The problem —
Note on the material below: return exactly the lines from the line that holds "Рофэс-прибор диагностики по" through the line that holds "After Image: Tummy", and leave out each picture.

Information —
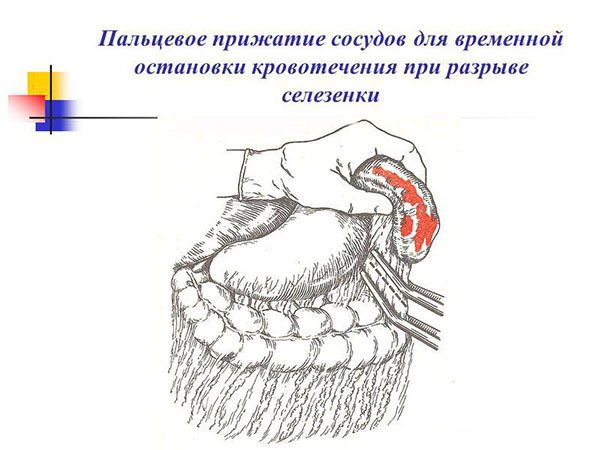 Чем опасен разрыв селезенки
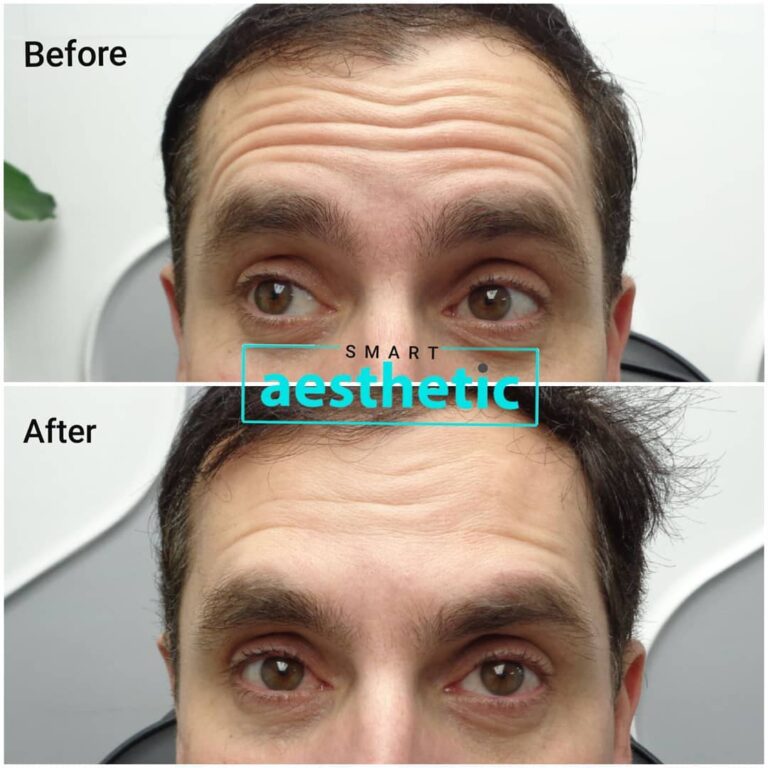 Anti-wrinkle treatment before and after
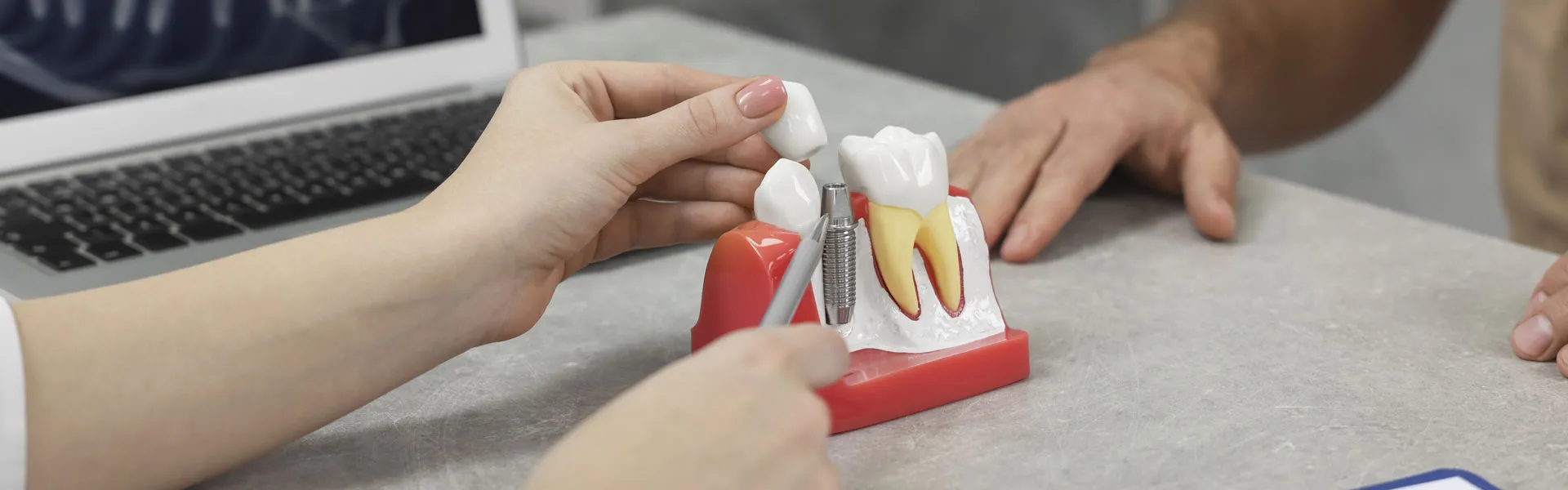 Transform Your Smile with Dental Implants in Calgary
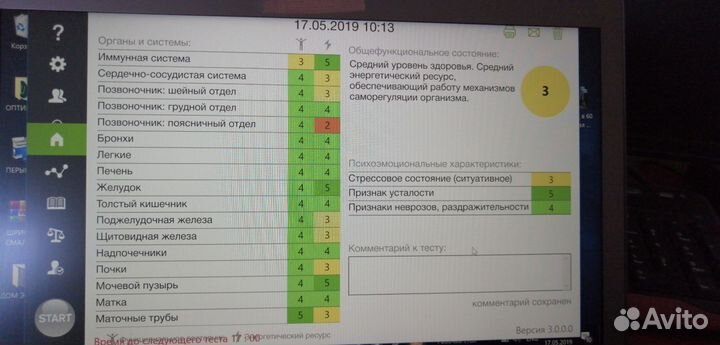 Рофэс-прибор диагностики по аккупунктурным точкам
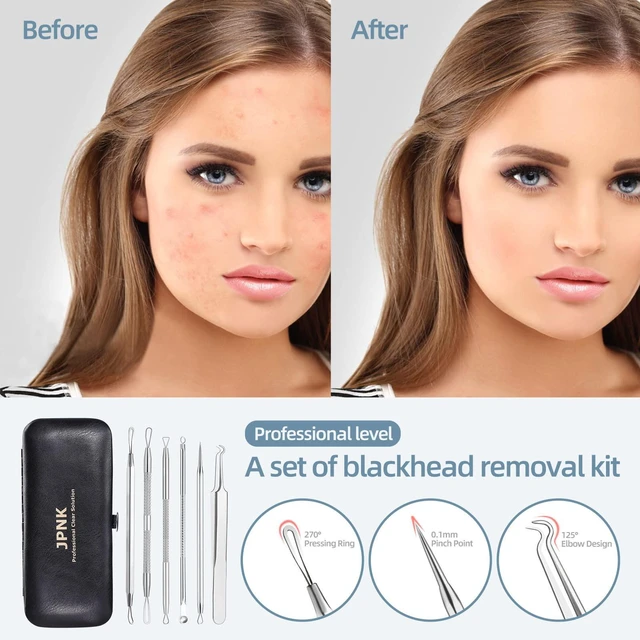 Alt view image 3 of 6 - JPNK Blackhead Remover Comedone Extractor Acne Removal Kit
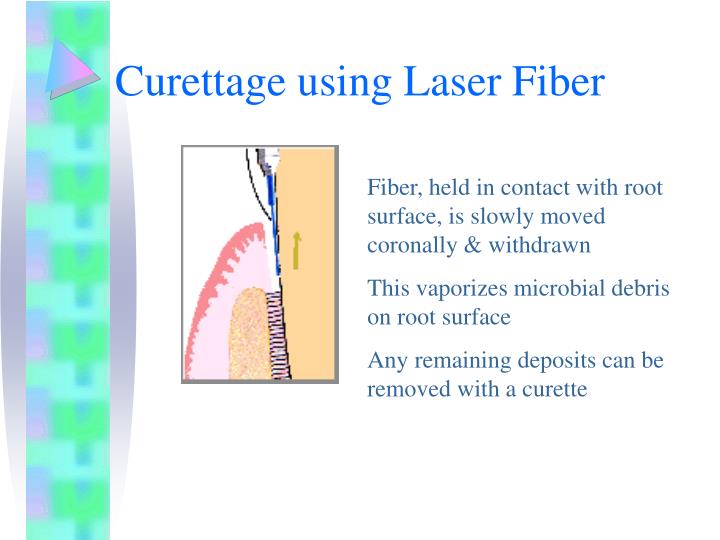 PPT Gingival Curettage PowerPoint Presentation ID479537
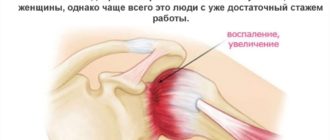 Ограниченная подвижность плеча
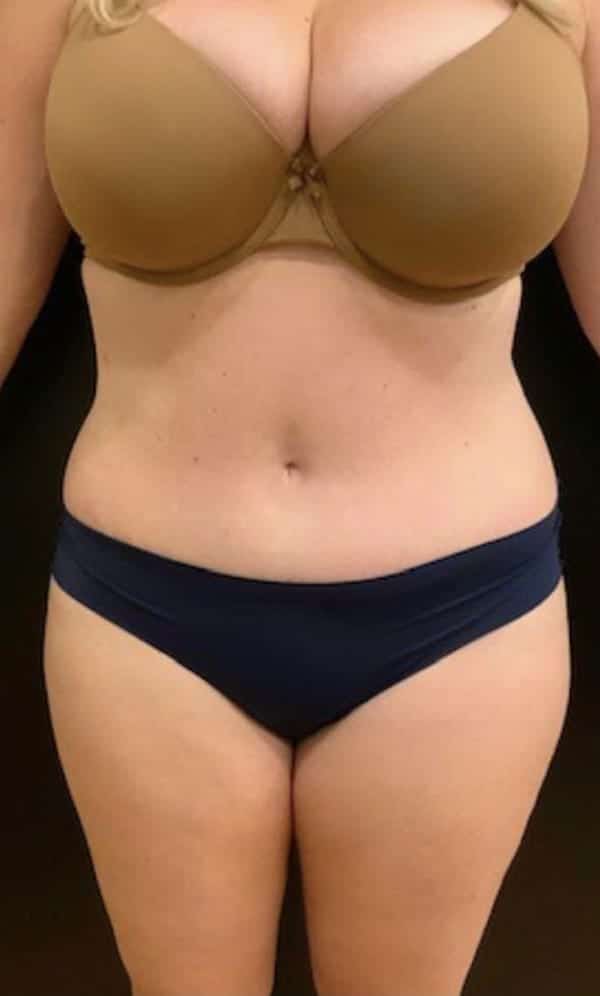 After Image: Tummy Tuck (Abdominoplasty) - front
==
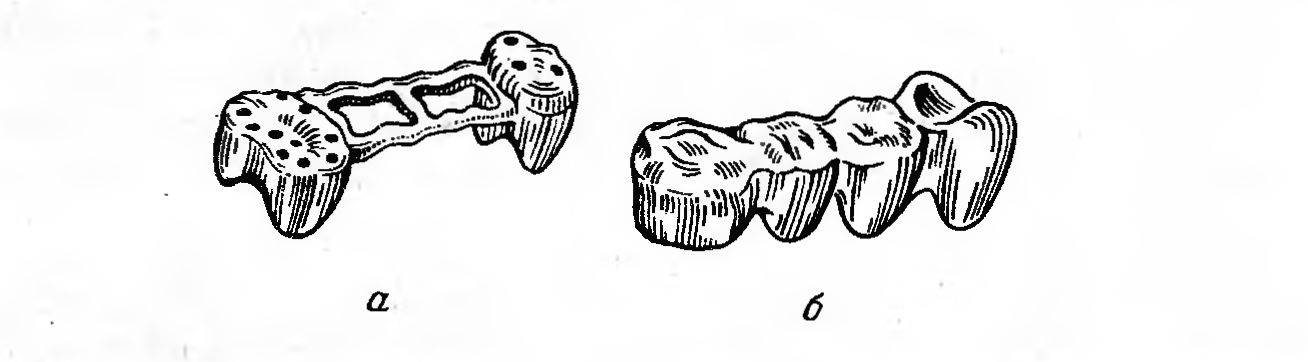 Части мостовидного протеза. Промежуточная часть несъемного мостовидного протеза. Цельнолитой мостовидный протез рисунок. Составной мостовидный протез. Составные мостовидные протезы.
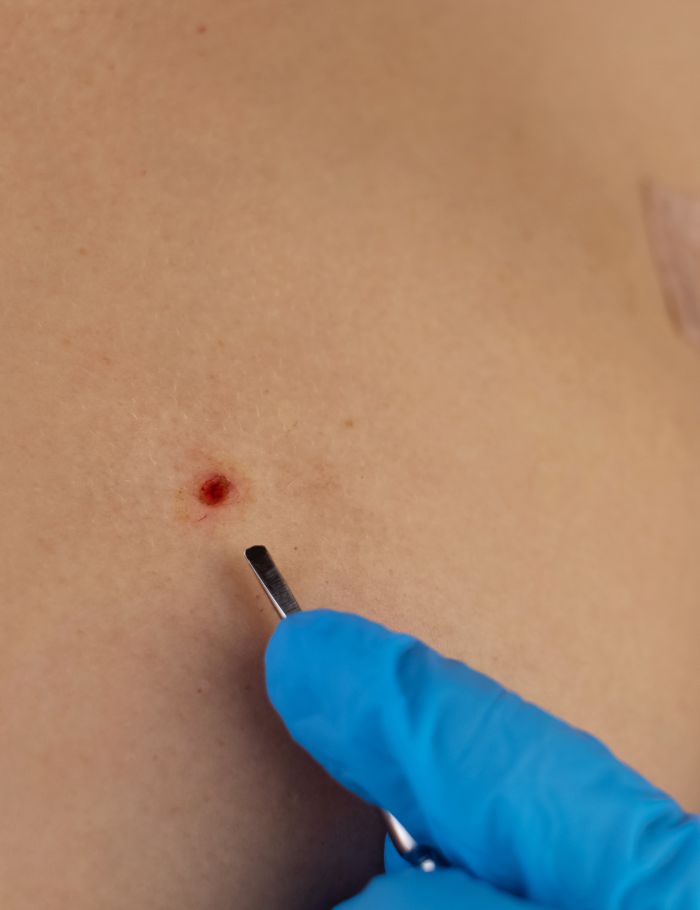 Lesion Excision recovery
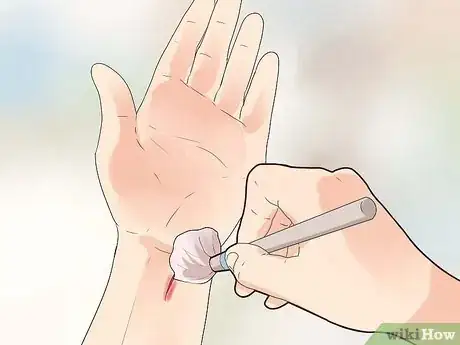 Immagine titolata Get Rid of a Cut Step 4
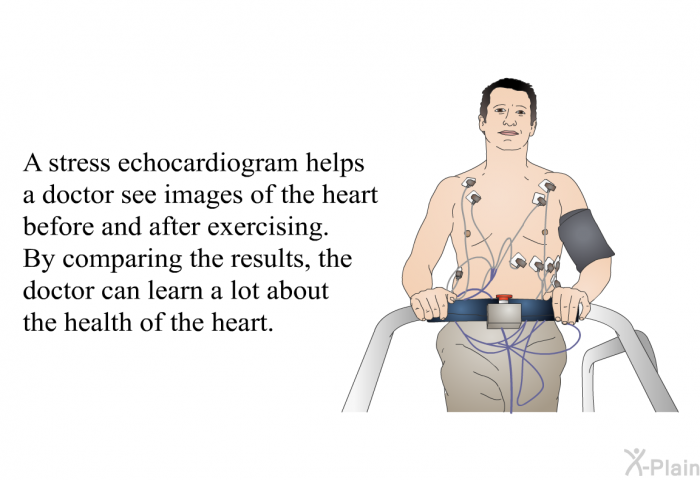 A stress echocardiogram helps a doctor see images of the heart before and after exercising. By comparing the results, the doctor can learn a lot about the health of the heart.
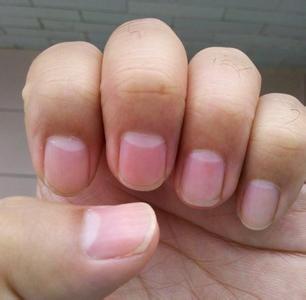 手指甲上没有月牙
...
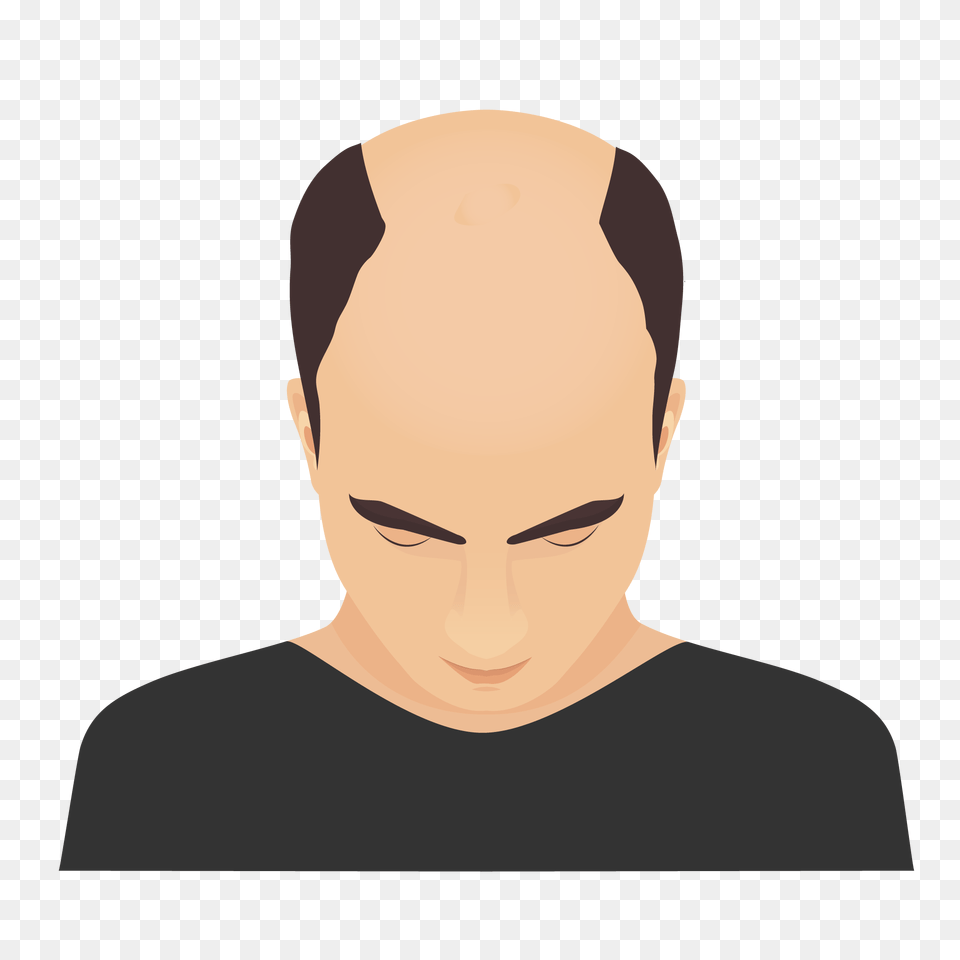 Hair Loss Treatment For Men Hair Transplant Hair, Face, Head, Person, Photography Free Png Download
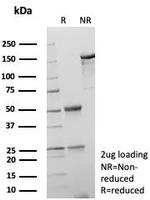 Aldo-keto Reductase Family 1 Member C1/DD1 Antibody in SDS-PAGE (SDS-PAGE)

Solution to the problem —
 Рофэс-прибор диагностики по аккупунктурным точкам
 Alt view image 3 of 6 - JPNK Blackhead Remover Comedone Extractor Acne Removal Kit
 PPT Gingival Curettage PowerPoint Presentation ID479537
 Ограниченная подвижность плеча
 After Image: Tummy Tuck (Abdominoplasty) - front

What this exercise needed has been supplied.